What is a contact hour? How does a lecture with 70 other students equate with a seminar group of eight? What if the lecture is awful? Does it still count as an "hour"? The current obsession with measuring time spent with lecturers to ensure value for money, although understandable at a time of increased tuition fees, not only misses the point but gives the wrong impression about what a higher education is for. Students want to be involved in their learning but not in a passive way; they come to university to have their minds expanded, not just filled with gobbets of knowledge. And, importantly, there needs to be a clear distinction between secondary and tertiary education.
In many subjects, university is about independent learning - having the time to read, write and explore the world of ideas - and about directing that learning. Contact time is about tutors ensuring that students are on the right track and making good progress, and addressing the problems if they are not. Seminars and tutorials are the best method to do this. It is all about communicating with students: listen and learn works both ways.
For many out there, the ideal scenario would be to compare contact time for each subject across institutions. But each experience is necessarily unique and students entering higher education with weaker qualifications will need more help. It would be unfair to compare an institution with large numbers of such students with one admitting predominantly AABs. What is important is that students can access personalised support when they need it and that tutors do not have so many students that they cannot spot when it is required. One size does not and should not fit all.

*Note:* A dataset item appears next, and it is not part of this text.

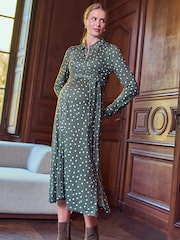 Seraphine Green Maternity Spot Wrap Nursing Midi Dress - Image 2 of 5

The recent White Paper avoids the language of "contact hours" - instead emphasising combined teaching and private study time - and, according to Paul Ramsden, a higher education consultant better known for previously heading the Higher Education Academy, it insinuates, by using "sloppy manipulation, otherwise known as cheating", that more contact with academics increases quality. Yet the report it quotes, by Graham Gibbs, for the HEA, actually says that the number of contact hours has little to do with the quality of the education received.
What Gibbs says, drawing on 30 years of research, is that input variables, such as resources, do not predict outcomes and that outcome measures, such as employability, reveal little about the institution, other than its reputation and what kind of students it can attract. What really matters is what institutions do with their students, using whatever resources are available. This means focusing on class size; cohort size; who is teaching; feedback (how much, how quick and how useful); the extent of close contact with academics; and the extent of collaborative learning. The last two are about providing quality, not about measuring amounts, as the government seems to believe.
And that is the heart of the problem. There is no magic number of contact hours that will give students the outcome they desire. It is right to give them information about what they can expect in terms of time to be invested in them, but if it is used to make them buy into the idea that an increase in tuition fee equals an increase in contact time, which in turn equals increased success, then that is just dishonest. They deserve better than that.